BEST BRUSH BET: With the cold weather moving in to Homer, a great way to stay involved in the community is indoor activity. This Friday, the Homer Council on the Arts is hosting a Chinese painting class with Sharlene Cline where participants will learn how to paint camellias in Chinese brush painting style. By utilizing expressive brush strokes, brush loading and color mixing, everyone is sure to leave the event with a beautiful piece of art. The class will be held from 5:30-8:30 p.m. Friday at the Homer Council on the Arts on Pioneer Avenue. General admission is $60, but it is $50 for HCOA members. Masks are required to participate in this event. Call 907-235-4288 for more information.
BEST HOCKEY BET: Have you ever wanted to learn how to play hockey as an adult but were worried about embarrassing yourself? Not to fear, Hockey 101 is here! Adults can learn how to play hockey at the Kevin Bell Arena in a relaxed, supportive and fun environment Mondays, Wednesdays and Fridays from Sept. 27 to Oct. 15. No experience or equipment is needed. Soon enough, there will be tons of Betster people skating circles around the regulars. The class costs $100 for nine hours of instruction on the ice. Sign up at kevinbellarena.org or email Ingrid at email@example.com to register and get fitted for gear.

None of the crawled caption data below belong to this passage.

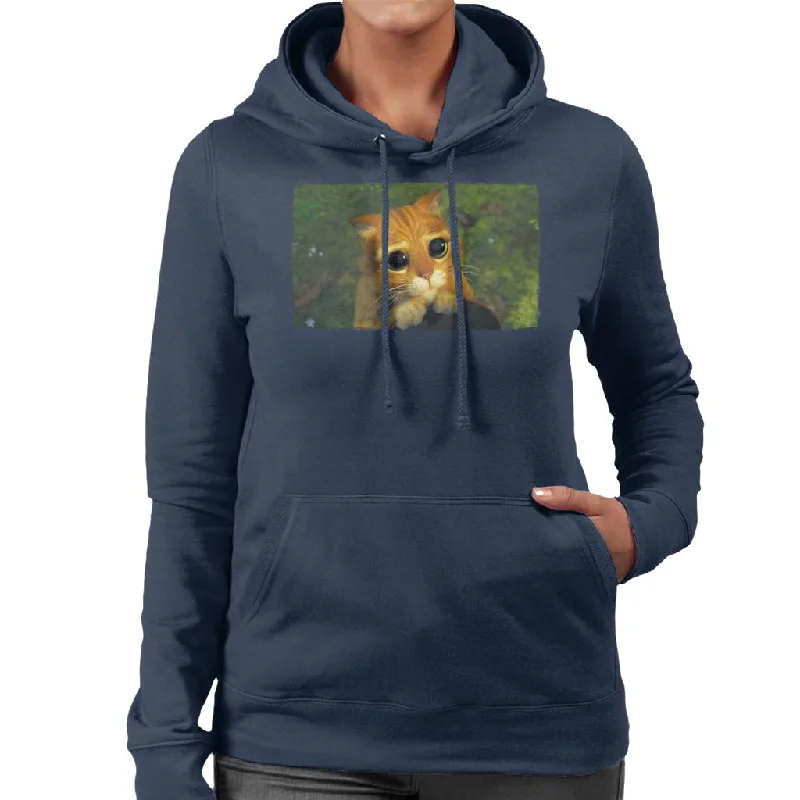 Shrek Puss In Boots Cute Eyes Women's Hooded Sweatshirt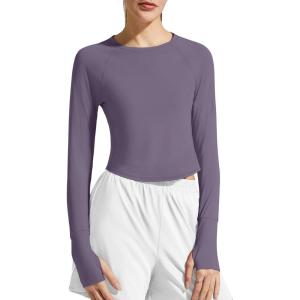 image:imageG4Free Womens UPF 50 Long Sleeve Rash Guard Athletic ShirtGray Purple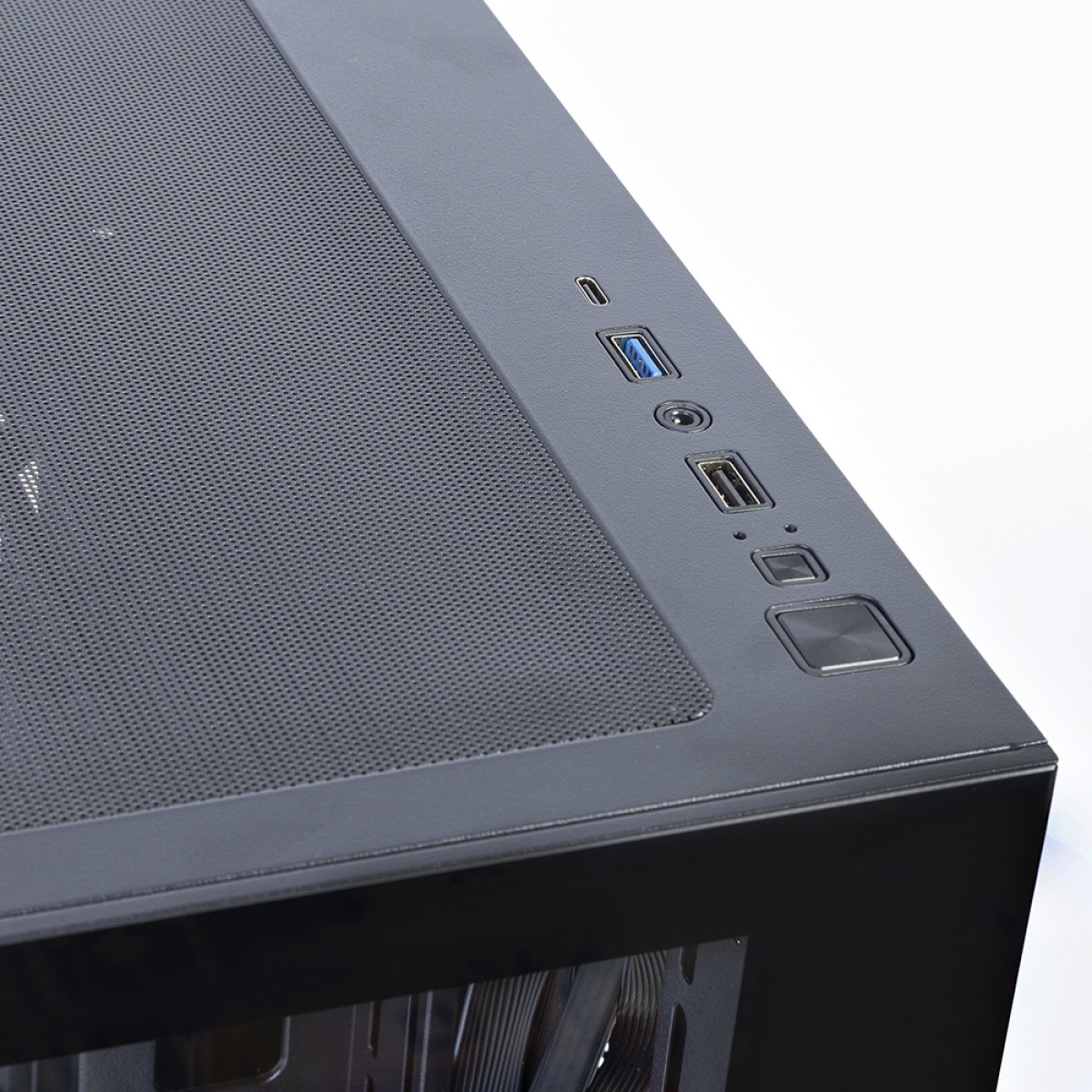 Gabinete Gamer Round5 Genos Black, Aquário, Mid Tower, Lateral de Vidro, ATX, Sem Fans, Preto, R5-GENOS-B-2189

BEST WHERE THE RIVER RUNS BET: The Center for Alaska Coastal Studies’ annual CoastWalk has started. The citizen monitoring and coastal cleanup project invites volunteers to pick a stretch of Kachemak Bay beach to look for environmental changes and pick up marine debris. This year’s theme is “Washed Away,” with a focus on waterways and runoff. To catch trash before it enters the ocean, volunteers are encouraged to clean a river or stream and gather the same information they would on a CoastWalk. CACS provides data sheets, how-to information and even bags to collect trash.